Further opportunities for improvements lie in better use of available information. Novel Bayesian modelling approaches can address some of the typical limitations of classical SDMs, for example, by connecting different data types across spatial scales52 or by explicitly modelling bias-causing processes41,42,63. Geographically or thematically focused data platforms such as eBird46 or Atlas of Living Australia62 have already highlighted the opportunities of using enriched information together with models. Novel biodiversity informatics infrastructure such as Map of Life13 has the potential to provide an integration of disparate information sources, and to link these with environmental information through best-suited modelling tools to address species distributions and their changes globally.

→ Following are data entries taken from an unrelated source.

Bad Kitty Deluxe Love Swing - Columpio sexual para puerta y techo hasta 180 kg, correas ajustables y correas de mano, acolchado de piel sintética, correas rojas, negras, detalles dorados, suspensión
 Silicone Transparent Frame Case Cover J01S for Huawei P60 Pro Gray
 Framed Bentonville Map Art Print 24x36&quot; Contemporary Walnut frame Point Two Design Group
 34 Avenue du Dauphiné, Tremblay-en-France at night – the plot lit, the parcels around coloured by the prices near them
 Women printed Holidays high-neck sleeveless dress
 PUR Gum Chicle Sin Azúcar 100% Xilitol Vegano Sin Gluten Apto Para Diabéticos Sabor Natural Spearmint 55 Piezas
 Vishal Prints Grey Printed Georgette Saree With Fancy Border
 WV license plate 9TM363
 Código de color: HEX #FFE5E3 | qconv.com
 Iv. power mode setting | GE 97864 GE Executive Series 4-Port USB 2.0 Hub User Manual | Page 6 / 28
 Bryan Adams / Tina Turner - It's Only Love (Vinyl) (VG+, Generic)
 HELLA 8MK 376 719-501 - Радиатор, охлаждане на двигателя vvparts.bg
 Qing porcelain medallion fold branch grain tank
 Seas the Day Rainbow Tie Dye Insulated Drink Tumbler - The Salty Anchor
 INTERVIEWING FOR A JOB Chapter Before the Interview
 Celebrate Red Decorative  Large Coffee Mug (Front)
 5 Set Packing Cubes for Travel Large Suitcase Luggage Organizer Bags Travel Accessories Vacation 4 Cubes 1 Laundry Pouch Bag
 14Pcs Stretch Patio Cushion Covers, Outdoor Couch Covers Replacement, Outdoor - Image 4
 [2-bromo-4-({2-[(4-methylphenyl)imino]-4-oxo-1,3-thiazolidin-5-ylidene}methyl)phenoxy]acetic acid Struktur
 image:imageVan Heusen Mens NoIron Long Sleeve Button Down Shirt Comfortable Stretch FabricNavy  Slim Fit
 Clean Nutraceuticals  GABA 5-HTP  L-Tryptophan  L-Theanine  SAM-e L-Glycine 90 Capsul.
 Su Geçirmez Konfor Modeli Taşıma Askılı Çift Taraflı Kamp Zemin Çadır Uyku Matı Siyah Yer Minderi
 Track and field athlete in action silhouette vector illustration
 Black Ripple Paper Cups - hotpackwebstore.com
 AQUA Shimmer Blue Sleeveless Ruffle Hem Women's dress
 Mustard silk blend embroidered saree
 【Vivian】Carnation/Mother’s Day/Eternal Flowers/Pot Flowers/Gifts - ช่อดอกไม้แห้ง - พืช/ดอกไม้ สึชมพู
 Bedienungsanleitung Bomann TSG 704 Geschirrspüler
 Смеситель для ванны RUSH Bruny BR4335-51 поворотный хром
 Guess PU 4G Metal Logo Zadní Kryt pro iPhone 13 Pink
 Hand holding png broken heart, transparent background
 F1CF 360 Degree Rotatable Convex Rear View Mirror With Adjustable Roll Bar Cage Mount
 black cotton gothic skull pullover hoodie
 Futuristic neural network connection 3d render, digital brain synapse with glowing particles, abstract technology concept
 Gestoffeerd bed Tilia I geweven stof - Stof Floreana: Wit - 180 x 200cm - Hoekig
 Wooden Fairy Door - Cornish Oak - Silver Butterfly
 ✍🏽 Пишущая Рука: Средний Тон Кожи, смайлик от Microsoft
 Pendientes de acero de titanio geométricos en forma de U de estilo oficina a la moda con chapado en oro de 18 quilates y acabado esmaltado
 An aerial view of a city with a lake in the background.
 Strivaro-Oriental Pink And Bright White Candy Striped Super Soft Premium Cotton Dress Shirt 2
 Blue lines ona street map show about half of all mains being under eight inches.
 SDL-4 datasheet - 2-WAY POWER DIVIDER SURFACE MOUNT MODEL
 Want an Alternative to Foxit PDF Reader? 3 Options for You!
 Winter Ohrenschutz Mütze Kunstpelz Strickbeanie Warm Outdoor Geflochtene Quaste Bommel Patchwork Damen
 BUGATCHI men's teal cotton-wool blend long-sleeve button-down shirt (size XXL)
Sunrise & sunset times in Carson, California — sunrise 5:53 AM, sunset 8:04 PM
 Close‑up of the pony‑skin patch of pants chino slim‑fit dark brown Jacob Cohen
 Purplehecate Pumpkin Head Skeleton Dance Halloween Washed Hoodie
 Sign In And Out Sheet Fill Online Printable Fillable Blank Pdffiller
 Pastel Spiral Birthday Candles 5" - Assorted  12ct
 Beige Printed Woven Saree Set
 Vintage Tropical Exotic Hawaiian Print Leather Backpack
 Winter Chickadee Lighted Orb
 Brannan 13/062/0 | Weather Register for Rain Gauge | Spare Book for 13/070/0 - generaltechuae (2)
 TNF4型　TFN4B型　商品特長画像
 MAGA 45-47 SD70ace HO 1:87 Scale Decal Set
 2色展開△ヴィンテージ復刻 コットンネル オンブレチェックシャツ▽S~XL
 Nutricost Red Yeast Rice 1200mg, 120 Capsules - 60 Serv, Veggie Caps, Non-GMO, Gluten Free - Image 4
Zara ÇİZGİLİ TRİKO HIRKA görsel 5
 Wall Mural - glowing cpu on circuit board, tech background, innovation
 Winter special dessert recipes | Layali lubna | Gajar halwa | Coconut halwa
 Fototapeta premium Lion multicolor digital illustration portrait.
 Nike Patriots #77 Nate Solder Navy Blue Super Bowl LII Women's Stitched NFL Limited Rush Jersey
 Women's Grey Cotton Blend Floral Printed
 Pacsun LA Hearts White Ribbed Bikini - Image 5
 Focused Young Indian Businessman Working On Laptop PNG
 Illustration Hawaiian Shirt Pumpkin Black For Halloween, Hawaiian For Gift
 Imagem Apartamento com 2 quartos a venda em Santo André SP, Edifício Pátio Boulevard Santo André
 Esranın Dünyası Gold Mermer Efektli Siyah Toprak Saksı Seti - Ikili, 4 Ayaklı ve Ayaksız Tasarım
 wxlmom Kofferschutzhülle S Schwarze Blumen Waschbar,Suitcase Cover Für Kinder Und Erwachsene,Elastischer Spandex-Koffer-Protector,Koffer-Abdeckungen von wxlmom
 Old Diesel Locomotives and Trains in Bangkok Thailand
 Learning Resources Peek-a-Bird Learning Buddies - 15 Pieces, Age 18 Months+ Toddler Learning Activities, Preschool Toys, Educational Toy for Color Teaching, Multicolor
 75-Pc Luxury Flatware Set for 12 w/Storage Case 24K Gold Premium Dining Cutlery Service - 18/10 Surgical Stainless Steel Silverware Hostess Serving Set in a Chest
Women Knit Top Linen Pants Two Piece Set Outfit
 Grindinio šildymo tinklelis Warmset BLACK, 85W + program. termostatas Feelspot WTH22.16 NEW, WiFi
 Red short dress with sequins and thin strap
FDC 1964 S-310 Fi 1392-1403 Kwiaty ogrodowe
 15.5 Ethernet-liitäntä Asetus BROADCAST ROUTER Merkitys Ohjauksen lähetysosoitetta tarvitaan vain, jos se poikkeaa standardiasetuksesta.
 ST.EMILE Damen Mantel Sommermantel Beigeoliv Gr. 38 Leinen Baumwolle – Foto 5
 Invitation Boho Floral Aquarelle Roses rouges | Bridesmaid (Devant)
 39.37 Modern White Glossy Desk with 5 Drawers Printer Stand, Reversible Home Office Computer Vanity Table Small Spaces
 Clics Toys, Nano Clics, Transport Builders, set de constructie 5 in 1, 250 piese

Rapid biodiversity loss, limited funding and potential trade-offs with direct conservation investments64 require priorities for future collection and mobilization of biodiversity records into DAI. Targeted integration of available information and assessments of gaps, along with continued evaluation of effectiveness of DAI for conservation needs, are as vital as increased commitment to biodiversity data sharing by political stakeholders, institutions and individual scientists. With time running out to meet CBD targets on biodiversity knowledge, more effective data use and mobilization, and a cultural shift about data sharing are urgently needed.


Species distribution data

We overlaid expert-based extent-of-occurrence range maps for terrestrial birds (excluding pelagic feeders; N=9,712), terrestrial mammals (N=5,270) and amphibians (N=6,188) with four nested equal-area grids (grain sizes: 110, 220, 440 and 880 km) to infer coarse-resolution species richness patterns. As a representation of international efforts to collect, digitize and share biodiversity records, we compiled a database of nearly 200 M records for the three groups, aggregated by GBIF (see Supplementary Tables 4 and 9, and Supplementary Note 1). We focus on GBIF given that it is by far the largest such effort in geographic and taxonomic scope8,9 and has an intergovernmental mandate to openly make accessible data from a worldwide base of data publishers. Data from GBIF represent the greatest body of existing DAI on species occurrences, based on centuries’ worth of museum specimens, citizen science observations, surveys, literature and other sources. GBIF also has a vital role in sharing skills, software, tools and best practices for biodiversity data mobilization. Thus, GBIF-facilitated DAI is currently the best available indicator of ‘shared biodiversity knowledge, science base and technologies’ as referred to by Aichi Target 19 (ref. 11). To link GBIF-facilitated records with range maps, extensive taxonomic standardization was necessary (our approach as well as various filtering and validation steps are explained in the Supplementary Note 1). We defined inventory completeness as the percentage of expert-opinion species richness documented by mobilized records. We note that other DAI sources play vital and often complementary roles in progressing towards Aichi Targets (Supplementary Note 4). Yet, other data sets may not be shared but nevertheless influence regional research and conservation. Thus, results here should not be interpreted as definite maps of knowledge gaps, but the analyses of drivers are likely indicative of factors limiting biodiversity information in other data sources.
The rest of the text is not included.